[Collection entries]
****************

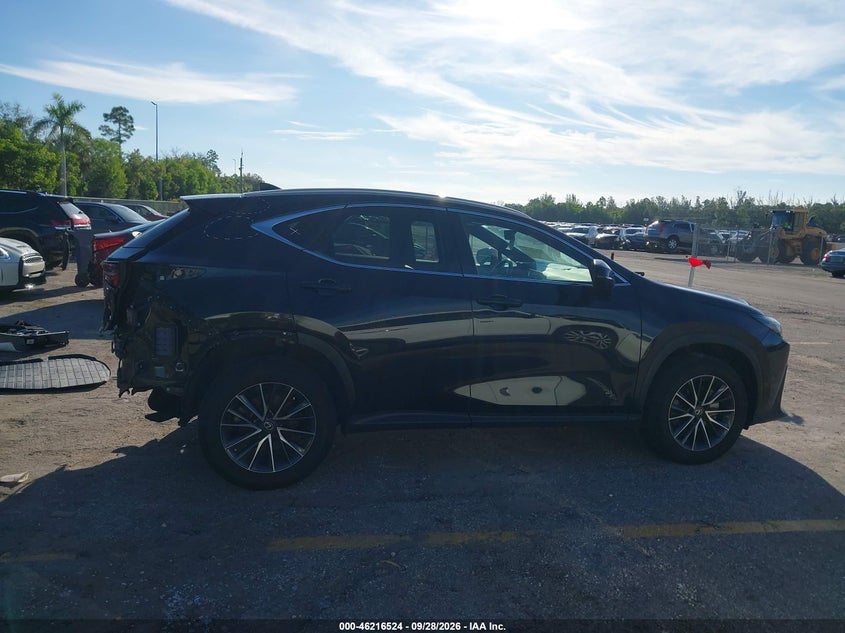 LEXUS NX 350 - zdjęcie 14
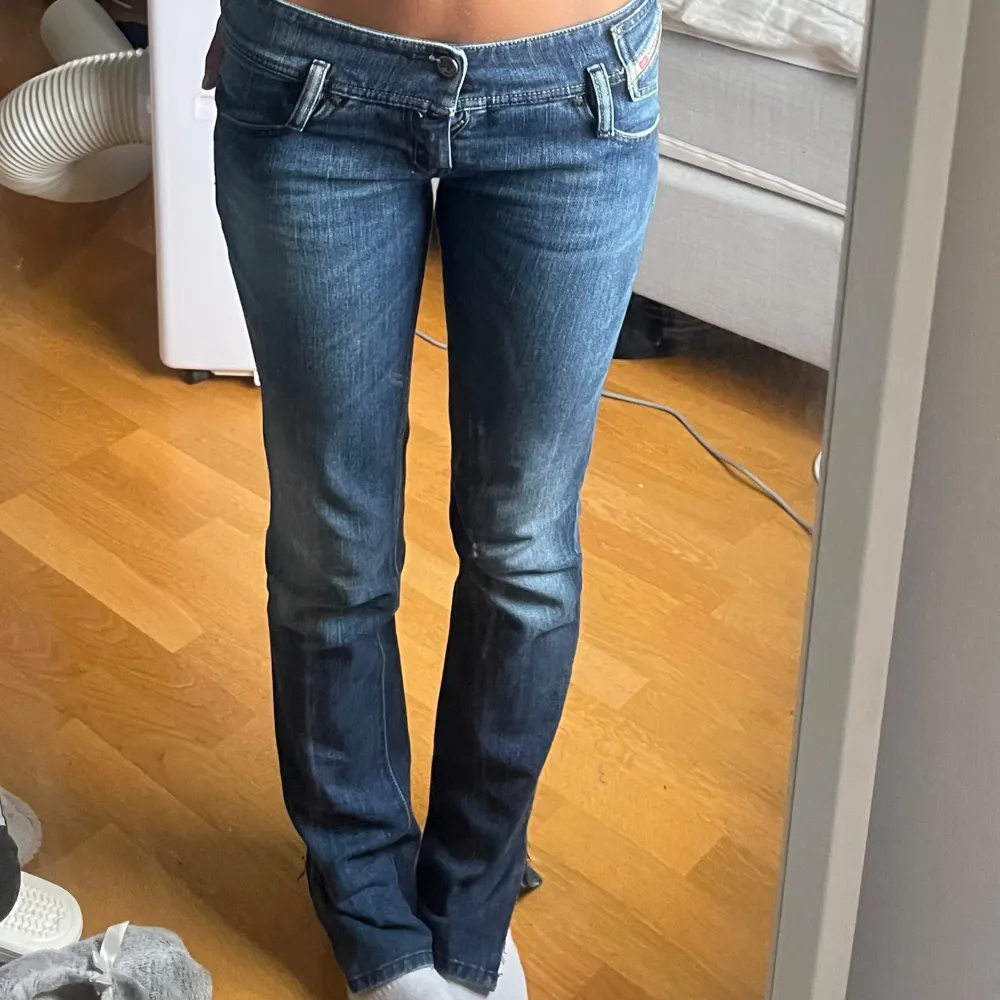 Skitnygga mörkblå jeans!  Säljer då de är för små. Passar i längden på mig som är 176. Jeans & Byxor.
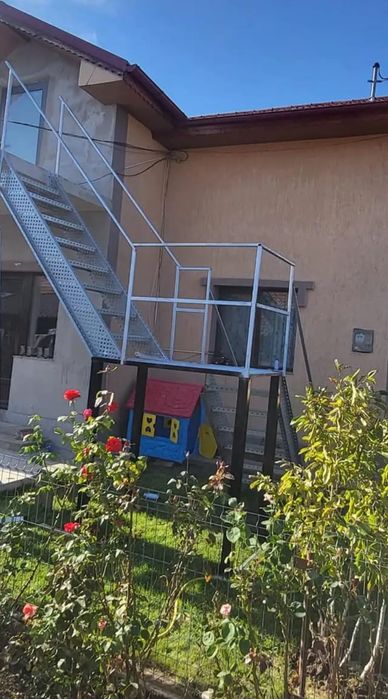 Confectionam scarii metalice zincate exterioare și pentru incendii , p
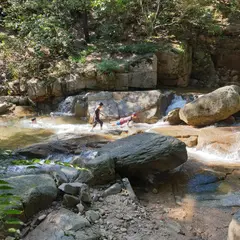 牛耳洞渓谷
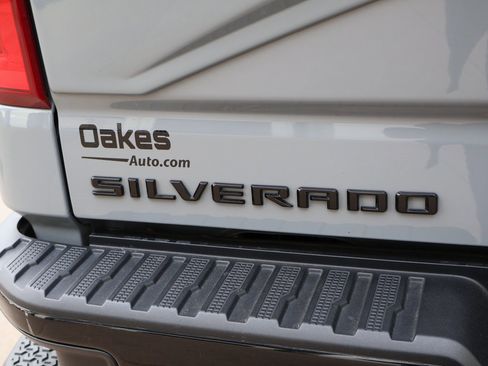 Used 2024 Chevrolet Silverado 1500 ZR2 w/ Technology Package image 20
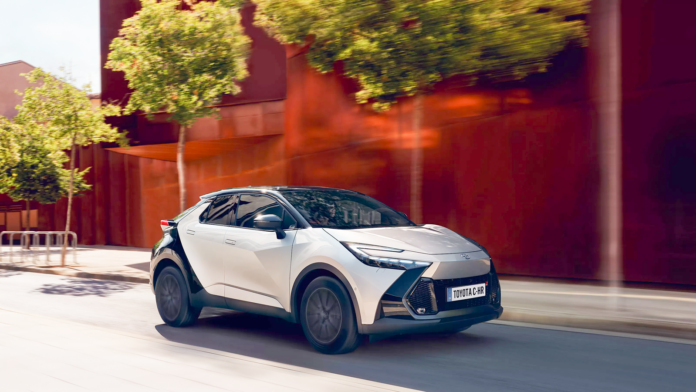 Новий Toyota C-HR: кросовер, що диктує моду та задає ритм місту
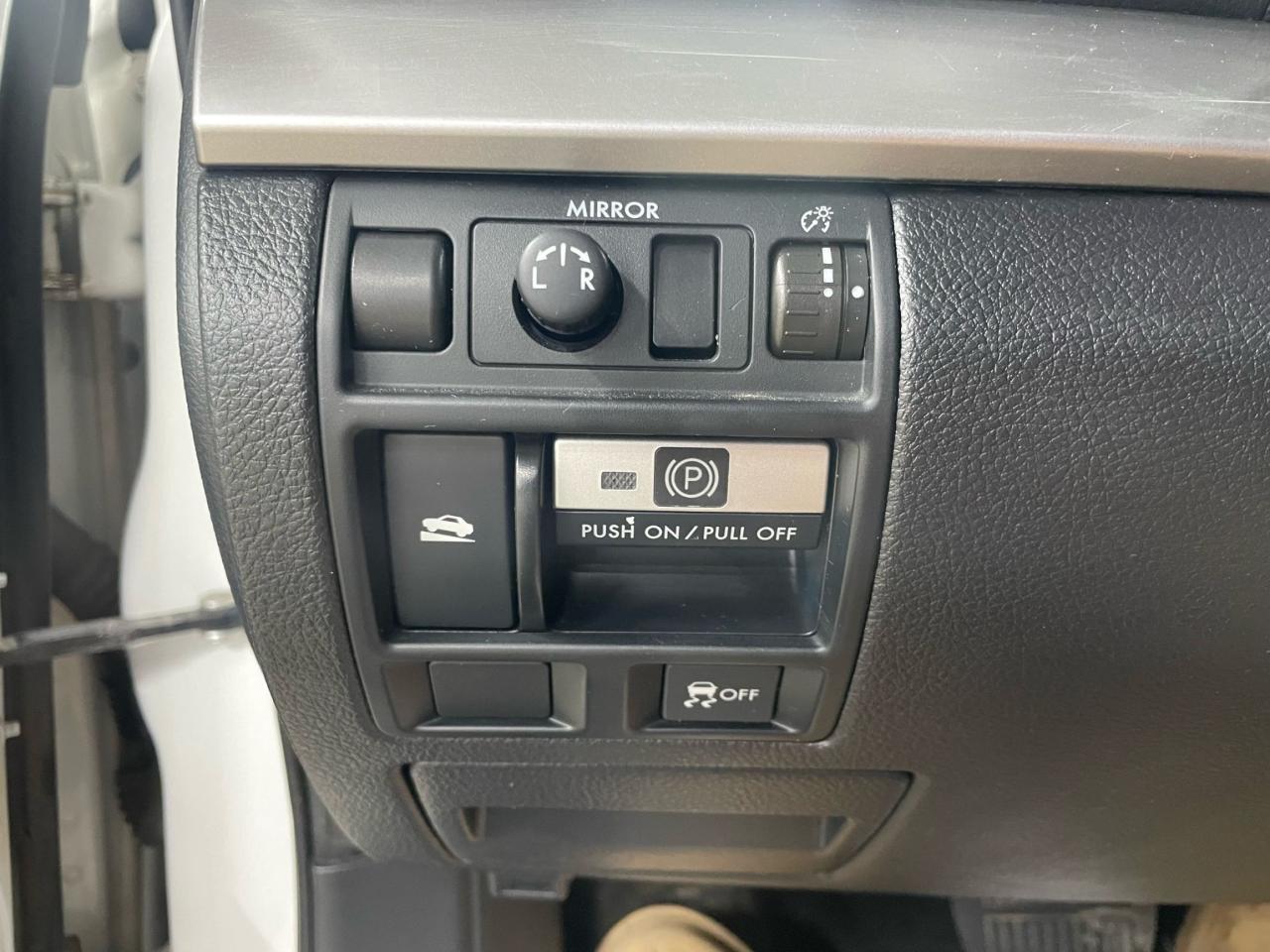 2014 Subaru Outback 4dr Wgn H4 Auto 2.5i Premium
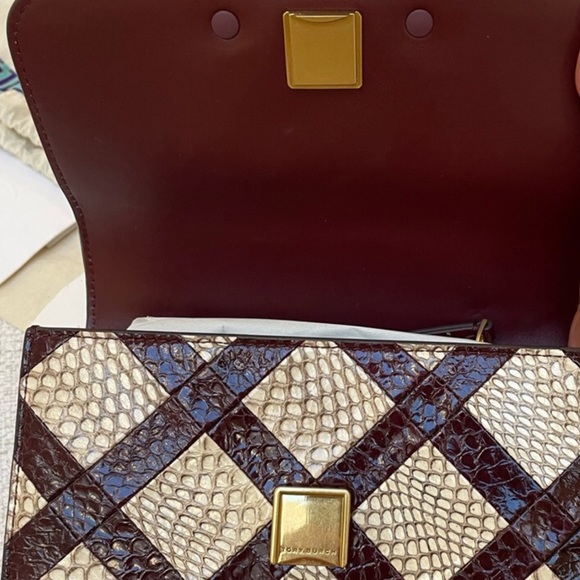 SOLD LIMITED Tory Burch Eleanor Snakeskin Crossbody Camera Bag - Picture 9 of 17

****************

Output every record exactly, minus the pictures.

*Response to this exercise*
 LEXUS NX 350 - zdjęcie 14
 Skitnygga mörkblå jeans!  Säljer då de är för små. Passar i längden på mig som är 176. Jeans & Byxor.
 Confectionam scarii metalice zincate exterioare și pentru incendii , p
 牛耳洞渓谷
 Used 2024 Chevrolet Silverado 1500 ZR2 w/ Technology Package image 20
 Новий Toyota C-HR: кросовер, що диктує моду та задає ритм місту
 2014 Subaru Outback 4dr Wgn H4 Auto 2.5i Premium
 SOLD LIMITED Tory Burch Eleanor Snakeskin Crossbody Camera Bag - Picture 9 of 17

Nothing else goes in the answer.